Selama bertahun-tahun, Singapura Airforce mengadakan latihan tempur pesawat udaranya di wilayah Indonesia dan bahkan hingga perjanjian habis, Singapura masih tetap melakukannya. Wilayah MTA 1 ini dipatok dari sebelah barat daya Singapura hingga Tanjung Pinang, Kepri, termasuk di utara Pulau Bintan.

Sementara MTA 2 yang berada di sebelah barat, membentang dari sisi timur Singapura hingga Kepulauan Natuna. Untuk wilayah yang berada dalam yuridiksi kepemimpinan Ketut adalah di MTA 1. Dari perjanjian sebenarnya Singapura juga memberikan timbal balik untuk Indonesia.
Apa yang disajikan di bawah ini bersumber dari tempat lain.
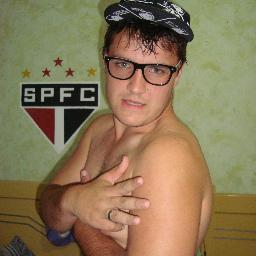 Amo  meu  deus  por  te me dado td  o  que  eu  tenho  na minha  vida... Amo minha  familia .. minha  namorada ..  meus  amigos ...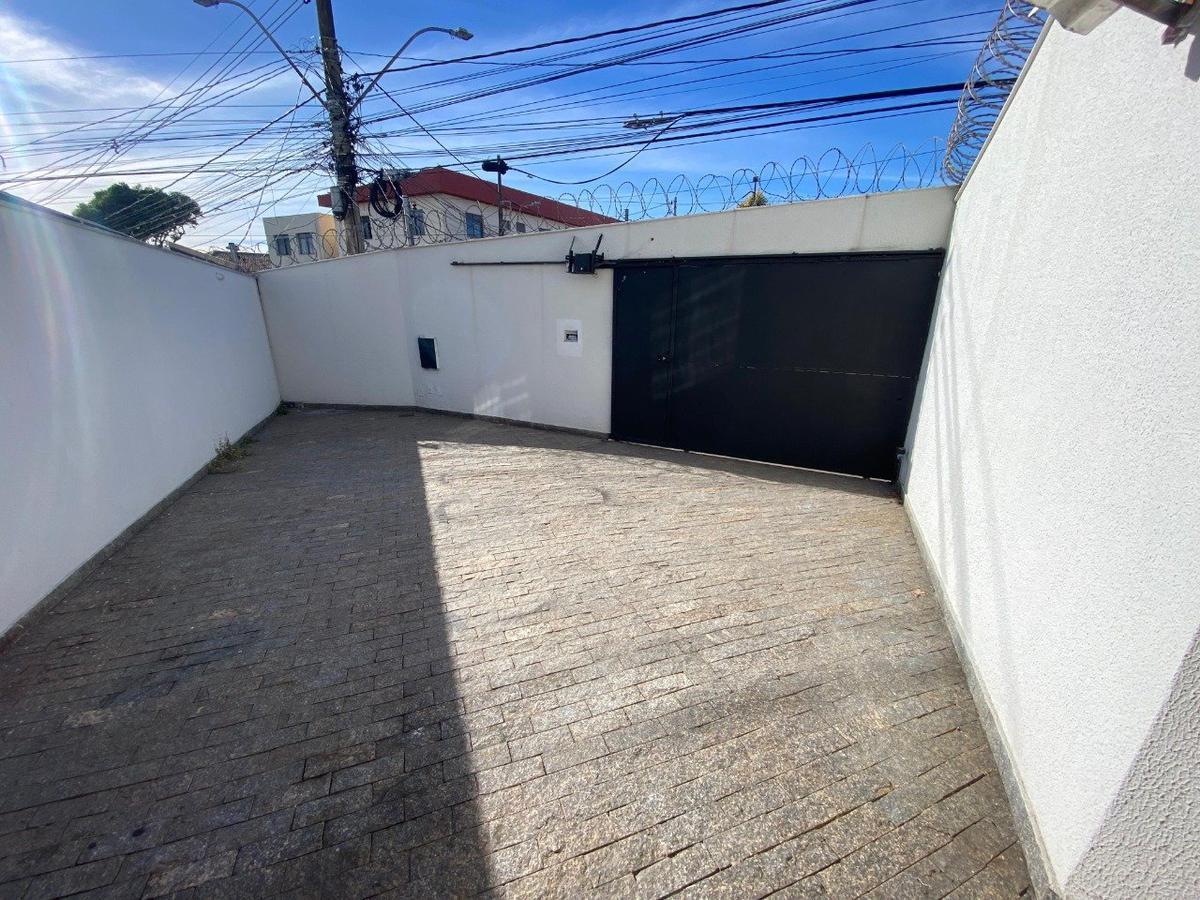 Casa, Santa Branca, 2 Quartos, 3 Vagas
"Tapi dalam 5 tahun (perjanjian) berjalan lebih banyak merugikan Indonesia. Sehingga tahun 2001 tidak diperpanjang. Setelahnya Singapura terus berusaha untuk memperpanjang perjanjian," jelas Ketut.

"Mereka beralasan 'MTA itu danger area jadi harus dioperasikan oleh saya, Singapura Airforce'. Makanya setiap hari mereka latihan di sana sampai hari ini," sambungnya.

Dengan kondisi seperti itu, pesawat-pesawat tidak ada yang boleh melintas di MTA. Termasuk pesawat tempur milik TNI AU. Singapura terus mengejar sehingga perjanjian lanjutan sempat digagas sehingga pada sekitar 2007 muncul draft mengenai perpanjangan perjanjian yang dikenal dengan Defence Cooperation Agreement (DCA).

Dalam DCA selain mengatur MTA, ada perjanjian yang memberikan hak bagi Indonesia untuk melakukan ekstradisi. Ini terkait dengan pemulangan penjahat seperti koruptor Indonesia yang lari ke Singapura termasuk pengembalian aset. Namun karena diyakini Singapura tak akan pernah mengekstradisi koruptor dan dana yang dilarikan ke Singapura, perjanjian itu tidak pernah terwujud.

"Draft perjanjian itu lebih banyak menguntungkan mereka dan itu tidak berlaku karena tidak jadi. Tapi mereka masih tetap saja latihan di wilayah udara kita," tutur Ketut.